The READ_AXI state communicates with the CPU Wrapper to retrieve data from SRAM. The process completes only after receiving four data pieces, each accompanied by an axi_ready signal. The core_wait signal then informs the CPU that it can proceed with the next request. Notably, an lru_buffer is implemented to track which bank was most recently accessed in each set, facilitating efficient replacement decisions.
The waveform shows multiple Instruction Cache Read Hit cases. In the READ_HIT state, the high hit signal confirms a cache hit. The requested data is then output to the CPU through the core_out port. The system returns to IDLE state, signaling the CPU's readiness for the next request.

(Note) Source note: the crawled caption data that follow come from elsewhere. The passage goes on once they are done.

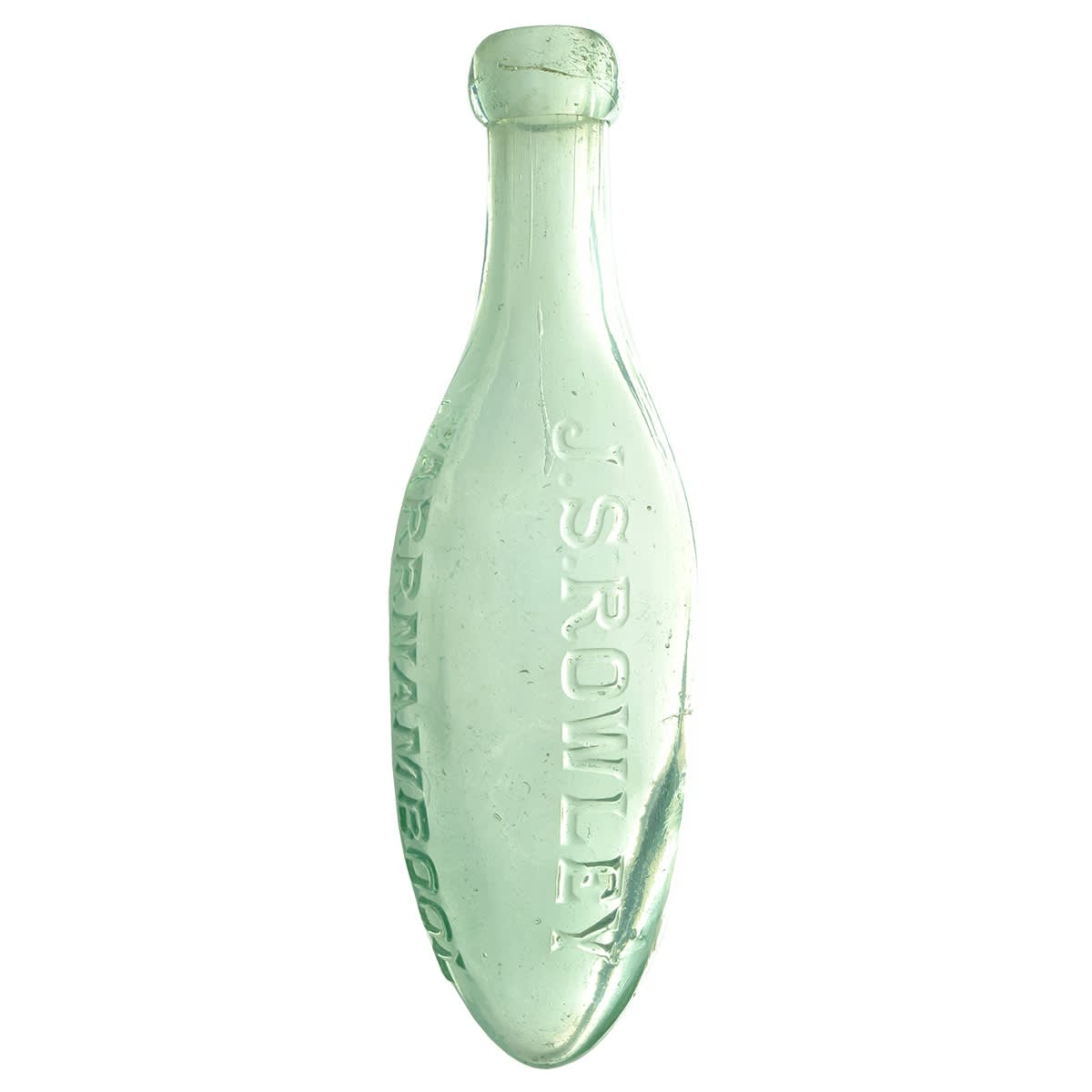 Torpedo. J. S. Rowley, Warrnambool. Aqua. 10 oz. (Victoria)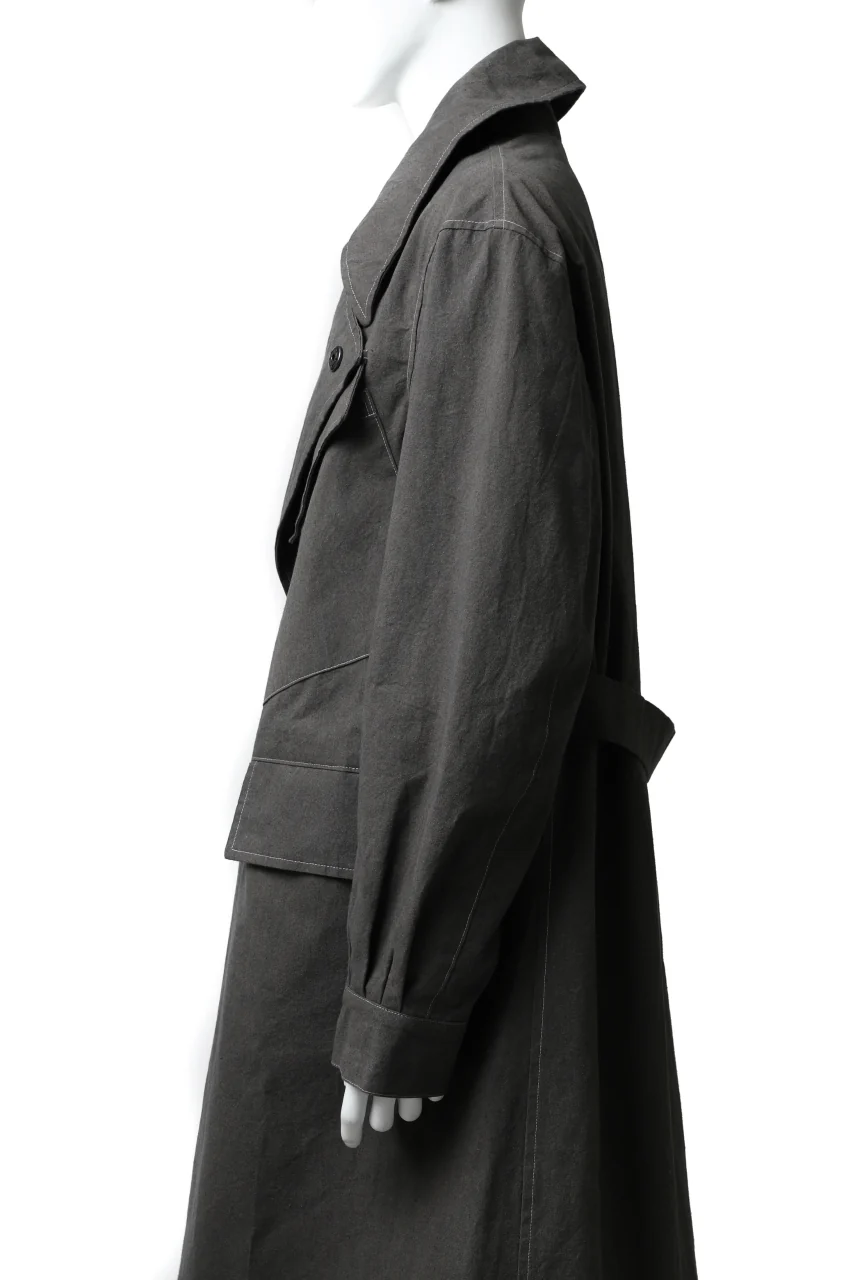 ierib dispatch rider coat 1940  / boiled waxy cotton (GREY) - Image 42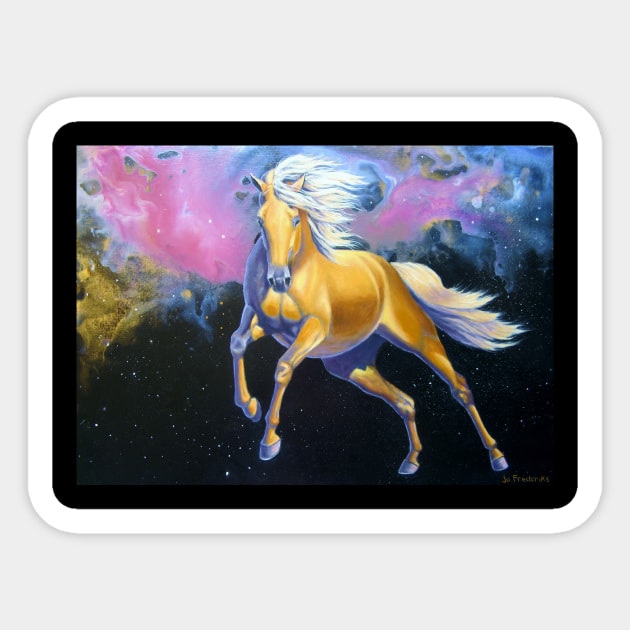 Cosmic Stallion Sticker by JoFrederiks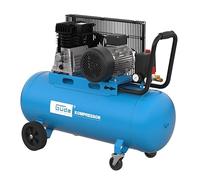 Güde Compressore 580/10/100 H/ 400 V (3000 W, caldaia da 100 l, aggregato a 2 cilindri, trasmissione a cinghia, max. 10 bar, eff. quantità di consegna 400 l/min, riduttore di pressione, 2 manometri, 2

In the Data Cache Write Miss case, identified by the low hit signal, the cache proceeds from WRITE_HIT state directly to inform the CPU to implement the Write Through policy, updating the DM accordingly.
The Data Cache Write Hit waveform shows a high hit signal. Upon detection in the WRITE_HIT state, the cache transitions to WRITE_CACHE state, where it writes the CPU's data to the corresponding Cache Block.